EXP-0102026-04-08

Surprisal Typology: 12 Languages Cluster by Family, Not Word Order

#surprisal #typology #multilingual #language-families #word-order #clustering #qwen #information-theory #wikipedia

Question

Does the surprisal-by-sentence-position profile in an LLM cluster by language family (genealogy) or by syntactic word order (SOV vs SVO)?

Setup

Model: Qwen2.5-7B (4-bit quantized) on RTX 3060 Ti (8 GB). 12 languages from 6 families: Germanic (English, German, Dutch), Romance (Portuguese, Spanish, French, Italian), Slavic (Russian, Polish), Turkic (Turkish), Japonic (Japanese), Sinitic (Chinese). ~200K characters from Wikipedia per language, segmented into sentences. ~480-580 sentences per language (filtered to 8-80 tokens). Per-token surprisal measured at 20 normalized position bins (0-100% of sentence). Hierarchical clustering (Ward linkage, correlation distance) on z-normalized curve shapes.

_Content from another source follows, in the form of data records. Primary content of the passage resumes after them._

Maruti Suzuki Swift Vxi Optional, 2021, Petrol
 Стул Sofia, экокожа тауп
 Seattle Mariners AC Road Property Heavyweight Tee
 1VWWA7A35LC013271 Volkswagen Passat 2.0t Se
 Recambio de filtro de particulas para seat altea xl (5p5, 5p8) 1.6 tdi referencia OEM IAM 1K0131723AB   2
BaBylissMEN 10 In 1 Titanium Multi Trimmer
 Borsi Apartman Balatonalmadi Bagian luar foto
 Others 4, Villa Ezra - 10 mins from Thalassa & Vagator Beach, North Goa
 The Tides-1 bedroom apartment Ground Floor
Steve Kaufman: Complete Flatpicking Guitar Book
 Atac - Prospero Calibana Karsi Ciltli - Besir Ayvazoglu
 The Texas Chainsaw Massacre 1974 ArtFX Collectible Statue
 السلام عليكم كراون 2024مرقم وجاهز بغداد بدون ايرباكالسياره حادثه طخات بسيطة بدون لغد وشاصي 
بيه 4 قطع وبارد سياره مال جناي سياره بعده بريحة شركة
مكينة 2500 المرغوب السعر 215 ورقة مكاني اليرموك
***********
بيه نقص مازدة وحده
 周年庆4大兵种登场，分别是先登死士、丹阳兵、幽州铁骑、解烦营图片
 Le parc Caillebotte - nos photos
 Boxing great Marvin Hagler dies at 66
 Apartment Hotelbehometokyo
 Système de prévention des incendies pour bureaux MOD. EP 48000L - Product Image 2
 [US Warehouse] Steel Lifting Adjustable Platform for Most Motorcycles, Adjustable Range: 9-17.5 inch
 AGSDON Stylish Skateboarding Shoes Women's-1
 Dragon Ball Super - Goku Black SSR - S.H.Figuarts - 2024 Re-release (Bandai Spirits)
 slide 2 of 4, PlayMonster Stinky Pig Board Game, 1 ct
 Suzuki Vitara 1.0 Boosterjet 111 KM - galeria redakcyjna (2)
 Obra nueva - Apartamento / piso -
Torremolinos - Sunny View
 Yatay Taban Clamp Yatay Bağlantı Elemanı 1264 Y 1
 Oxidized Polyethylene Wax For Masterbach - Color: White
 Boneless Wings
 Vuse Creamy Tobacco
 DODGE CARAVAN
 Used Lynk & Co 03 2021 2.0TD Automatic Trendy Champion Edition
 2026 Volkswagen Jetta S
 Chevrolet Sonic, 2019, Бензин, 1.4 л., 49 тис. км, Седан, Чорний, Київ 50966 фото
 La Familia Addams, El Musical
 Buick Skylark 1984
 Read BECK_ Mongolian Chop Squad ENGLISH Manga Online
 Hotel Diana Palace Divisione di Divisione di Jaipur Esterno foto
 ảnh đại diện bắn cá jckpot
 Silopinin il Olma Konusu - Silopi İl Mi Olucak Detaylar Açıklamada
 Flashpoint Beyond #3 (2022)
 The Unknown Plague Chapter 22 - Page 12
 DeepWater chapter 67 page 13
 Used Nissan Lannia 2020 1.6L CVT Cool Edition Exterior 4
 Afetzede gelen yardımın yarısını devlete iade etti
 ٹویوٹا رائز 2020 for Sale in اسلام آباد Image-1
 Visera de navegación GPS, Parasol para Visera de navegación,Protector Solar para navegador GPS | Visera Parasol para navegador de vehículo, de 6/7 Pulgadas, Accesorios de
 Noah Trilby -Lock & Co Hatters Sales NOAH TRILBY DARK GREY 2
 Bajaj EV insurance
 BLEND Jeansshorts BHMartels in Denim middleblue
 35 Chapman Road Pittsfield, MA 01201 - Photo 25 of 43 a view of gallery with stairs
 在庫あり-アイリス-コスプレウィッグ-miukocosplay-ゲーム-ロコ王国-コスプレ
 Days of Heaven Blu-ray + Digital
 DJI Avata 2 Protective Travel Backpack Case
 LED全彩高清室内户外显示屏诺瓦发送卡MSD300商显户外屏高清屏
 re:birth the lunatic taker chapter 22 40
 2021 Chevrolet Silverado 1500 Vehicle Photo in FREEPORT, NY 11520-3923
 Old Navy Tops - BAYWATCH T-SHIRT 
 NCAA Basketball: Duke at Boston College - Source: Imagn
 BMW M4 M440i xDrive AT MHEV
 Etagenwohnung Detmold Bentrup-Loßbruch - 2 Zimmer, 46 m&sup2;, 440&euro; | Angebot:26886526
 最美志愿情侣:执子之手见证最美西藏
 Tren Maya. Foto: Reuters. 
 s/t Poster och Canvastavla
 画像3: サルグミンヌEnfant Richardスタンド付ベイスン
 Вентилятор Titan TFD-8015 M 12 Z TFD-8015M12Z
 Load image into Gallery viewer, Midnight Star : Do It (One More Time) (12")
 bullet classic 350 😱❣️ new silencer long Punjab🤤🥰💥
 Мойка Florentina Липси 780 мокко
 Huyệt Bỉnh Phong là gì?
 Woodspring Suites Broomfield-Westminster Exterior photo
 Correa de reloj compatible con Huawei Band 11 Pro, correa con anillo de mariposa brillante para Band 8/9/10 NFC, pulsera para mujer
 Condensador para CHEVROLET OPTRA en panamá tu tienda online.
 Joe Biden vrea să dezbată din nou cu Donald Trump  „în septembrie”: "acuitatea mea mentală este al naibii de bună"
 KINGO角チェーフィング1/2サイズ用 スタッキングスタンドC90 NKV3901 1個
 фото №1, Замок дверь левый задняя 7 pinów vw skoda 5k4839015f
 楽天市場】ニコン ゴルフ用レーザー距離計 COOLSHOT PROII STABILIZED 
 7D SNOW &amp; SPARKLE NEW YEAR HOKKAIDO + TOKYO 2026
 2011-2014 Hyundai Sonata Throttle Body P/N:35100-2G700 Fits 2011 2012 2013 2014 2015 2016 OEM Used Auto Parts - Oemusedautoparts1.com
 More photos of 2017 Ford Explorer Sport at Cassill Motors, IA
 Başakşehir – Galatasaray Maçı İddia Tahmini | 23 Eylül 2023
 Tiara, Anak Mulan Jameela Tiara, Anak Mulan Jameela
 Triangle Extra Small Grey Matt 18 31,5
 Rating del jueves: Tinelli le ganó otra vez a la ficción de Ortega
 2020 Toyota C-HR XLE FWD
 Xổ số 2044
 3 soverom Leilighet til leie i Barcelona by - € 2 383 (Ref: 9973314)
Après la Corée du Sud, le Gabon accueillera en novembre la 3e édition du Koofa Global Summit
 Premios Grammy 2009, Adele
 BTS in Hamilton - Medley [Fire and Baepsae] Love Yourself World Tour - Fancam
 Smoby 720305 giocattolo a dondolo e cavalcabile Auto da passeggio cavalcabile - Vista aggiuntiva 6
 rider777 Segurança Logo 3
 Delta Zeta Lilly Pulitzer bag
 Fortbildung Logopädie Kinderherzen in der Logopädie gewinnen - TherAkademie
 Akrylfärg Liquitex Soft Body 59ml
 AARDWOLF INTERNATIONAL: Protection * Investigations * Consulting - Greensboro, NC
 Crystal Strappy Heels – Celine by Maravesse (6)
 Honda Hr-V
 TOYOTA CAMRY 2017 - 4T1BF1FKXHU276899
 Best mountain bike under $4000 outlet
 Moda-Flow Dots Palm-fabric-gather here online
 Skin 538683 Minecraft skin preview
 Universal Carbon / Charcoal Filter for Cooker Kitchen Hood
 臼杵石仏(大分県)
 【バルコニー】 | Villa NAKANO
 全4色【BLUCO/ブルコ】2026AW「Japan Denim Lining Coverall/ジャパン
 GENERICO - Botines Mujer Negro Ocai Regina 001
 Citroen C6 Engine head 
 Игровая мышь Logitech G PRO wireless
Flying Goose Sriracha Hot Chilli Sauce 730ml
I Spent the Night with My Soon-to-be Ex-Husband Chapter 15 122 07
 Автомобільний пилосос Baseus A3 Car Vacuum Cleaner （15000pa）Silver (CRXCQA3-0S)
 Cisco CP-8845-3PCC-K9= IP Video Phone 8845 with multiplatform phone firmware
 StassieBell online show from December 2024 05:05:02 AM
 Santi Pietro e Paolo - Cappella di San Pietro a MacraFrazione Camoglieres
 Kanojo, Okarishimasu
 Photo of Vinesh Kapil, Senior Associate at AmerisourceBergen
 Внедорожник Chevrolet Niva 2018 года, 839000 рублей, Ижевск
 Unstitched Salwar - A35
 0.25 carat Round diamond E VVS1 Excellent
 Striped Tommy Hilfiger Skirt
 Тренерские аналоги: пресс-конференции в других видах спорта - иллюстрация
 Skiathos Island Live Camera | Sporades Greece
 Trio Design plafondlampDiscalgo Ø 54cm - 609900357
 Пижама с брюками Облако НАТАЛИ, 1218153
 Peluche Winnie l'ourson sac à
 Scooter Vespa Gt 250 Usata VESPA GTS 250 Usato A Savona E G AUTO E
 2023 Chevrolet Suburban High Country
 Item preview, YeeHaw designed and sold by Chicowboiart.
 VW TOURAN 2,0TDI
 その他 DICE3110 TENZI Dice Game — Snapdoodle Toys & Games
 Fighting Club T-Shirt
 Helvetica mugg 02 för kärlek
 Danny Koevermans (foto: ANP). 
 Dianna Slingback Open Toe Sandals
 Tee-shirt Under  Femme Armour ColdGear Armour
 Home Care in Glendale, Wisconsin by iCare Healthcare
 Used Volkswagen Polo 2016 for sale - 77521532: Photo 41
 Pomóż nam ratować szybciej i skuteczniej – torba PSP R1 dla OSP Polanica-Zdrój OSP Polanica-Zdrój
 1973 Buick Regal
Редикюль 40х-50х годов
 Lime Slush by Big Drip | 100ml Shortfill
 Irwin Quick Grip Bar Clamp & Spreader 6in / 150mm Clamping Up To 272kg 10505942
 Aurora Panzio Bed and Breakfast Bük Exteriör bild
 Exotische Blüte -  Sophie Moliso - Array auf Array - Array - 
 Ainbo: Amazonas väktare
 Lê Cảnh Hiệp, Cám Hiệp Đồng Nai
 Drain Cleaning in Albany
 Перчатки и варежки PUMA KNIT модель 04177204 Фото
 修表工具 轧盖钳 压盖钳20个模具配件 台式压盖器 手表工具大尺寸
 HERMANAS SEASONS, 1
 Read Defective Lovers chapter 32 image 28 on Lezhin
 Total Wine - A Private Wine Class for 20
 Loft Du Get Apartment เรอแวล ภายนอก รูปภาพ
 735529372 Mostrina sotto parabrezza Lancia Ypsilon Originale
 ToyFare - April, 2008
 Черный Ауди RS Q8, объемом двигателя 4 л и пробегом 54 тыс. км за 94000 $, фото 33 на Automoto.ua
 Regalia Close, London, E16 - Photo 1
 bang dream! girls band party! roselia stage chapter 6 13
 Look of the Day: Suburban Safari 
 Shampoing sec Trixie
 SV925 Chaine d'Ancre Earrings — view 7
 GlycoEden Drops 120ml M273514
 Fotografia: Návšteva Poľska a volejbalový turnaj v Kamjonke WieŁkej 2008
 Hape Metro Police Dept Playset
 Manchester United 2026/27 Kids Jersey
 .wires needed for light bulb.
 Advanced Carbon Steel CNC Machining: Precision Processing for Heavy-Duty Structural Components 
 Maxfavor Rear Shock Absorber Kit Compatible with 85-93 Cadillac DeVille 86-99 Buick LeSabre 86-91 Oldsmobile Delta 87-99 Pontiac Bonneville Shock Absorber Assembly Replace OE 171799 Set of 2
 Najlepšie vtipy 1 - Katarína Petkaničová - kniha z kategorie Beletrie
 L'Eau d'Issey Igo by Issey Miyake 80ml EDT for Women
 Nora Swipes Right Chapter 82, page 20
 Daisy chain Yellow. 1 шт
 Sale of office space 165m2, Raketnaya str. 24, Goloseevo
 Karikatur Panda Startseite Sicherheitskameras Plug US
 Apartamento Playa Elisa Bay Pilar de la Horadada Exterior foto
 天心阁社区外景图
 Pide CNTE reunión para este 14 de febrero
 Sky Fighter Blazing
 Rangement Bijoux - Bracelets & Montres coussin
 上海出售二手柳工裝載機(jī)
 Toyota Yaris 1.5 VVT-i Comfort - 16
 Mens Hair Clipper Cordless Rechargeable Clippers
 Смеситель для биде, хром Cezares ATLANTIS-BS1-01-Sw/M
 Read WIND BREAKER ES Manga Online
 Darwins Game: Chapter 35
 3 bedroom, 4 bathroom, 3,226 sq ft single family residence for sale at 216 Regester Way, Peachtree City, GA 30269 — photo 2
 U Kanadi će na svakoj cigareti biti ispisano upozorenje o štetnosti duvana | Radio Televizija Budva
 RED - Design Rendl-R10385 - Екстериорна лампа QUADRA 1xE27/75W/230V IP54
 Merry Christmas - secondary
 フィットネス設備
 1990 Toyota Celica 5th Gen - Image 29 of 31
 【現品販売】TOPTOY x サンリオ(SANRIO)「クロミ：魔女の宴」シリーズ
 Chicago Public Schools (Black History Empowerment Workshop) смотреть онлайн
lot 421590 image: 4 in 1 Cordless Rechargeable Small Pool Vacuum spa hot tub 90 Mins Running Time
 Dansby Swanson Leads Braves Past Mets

Within-family vs between-family and within-word-order vs between-word-order distances compared.

Results

Language	Family	Word Order	Mean Surprisal (bits)	Start (0%)	End (100%)	N sentences
Russian	Slavic	SVO(free)	3.12	8.95	1.70	494
Spanish	Romance	SVO	3.71	9.57	2.11	523
French	Romance	SVO	3.74	9.77	2.23	541
Portuguese	Romance	SVO	3.84	10.34	1.91	497
Italian	Romance	SVO	3.90	10.87	2.08	480
German	Germanic	V2/SOV	4.12	12.07	1.92	528
Polish	Slavic	SVO(free)	4.18	12.91	2.26	535
English	Germanic	SVO	4.35	10.49	2.39	537
Dutch	Germanic	V2/SOV	4.46	13.13	1.94	515
Japanese	Japonic	SOV	4.46	10.81	2.65	577
Chinese	Sinitic	SVO	5.07	12.39	3.08	579
Turkish	Turkic	SOV	5.10	12.40	1.99	547

Key findings

Language family clusters, word order doesn't. Within-family curve distance is 0.0073 vs between-family 0.0110 (1.51x ratio). Within-order distance is 0.0108 vs between-order 0.0102 (0.94x ratio — no effect). The model has internalized language genealogy into its information flow patterns.
Romance languages form the tightest cluster. Portuguese, Spanish, French, and Italian have nearly overlapping surprisal curves (mean 3.71-3.90 bits), confirming the model treats them as mild variants of the same information structure.
SOV languages do NOT cluster together. Turkish (SOV, Turkic) and Japanese (SOV, Japonic) have completely different surprisal profiles despite identical canonical word order. Morphology and script dominate over syntax.
Turkish is the universal outlier — highest mean surprisal (5.10 bits), most distant in hierarchical clustering. Agglutinative morphology creates fundamentally different information-theoretic structure, confirming prior findings.
Chinese and Japanese end sentences with high surprisal (3.08 and 2.65 bits) vs European languages (1.7-2.4 bits). CJK character density means sentence-final positions still carry substantial information, while alphabetic languages converge to highly predictable endings.

Lesson learned

The initial hypothesis that word order (SOV vs SVO) would determine surprisal peak position was cleanly falsified. The result is actually more interesting: language genealogy shapes the entire curve profile in a way that word-order typology does not. This suggests the model encodes deep structural similarity between related languages (shared morphology, phonotactics, vocabulary overlap) rather than surface syntactic properties. Future work: test with byte-level models to remove tokenizer effects, and test more diverse families (Arabic, Korean, Hindi).

Tools used

Claude Opus 4 for experiment design and code generation. Qwen2.5-7B (4-bit) for surprisal computation. scipy for hierarchical clustering and correlation distance. Wikipedia via HuggingFace datasets (wikimedia/wikipedia 20231101 snapshot).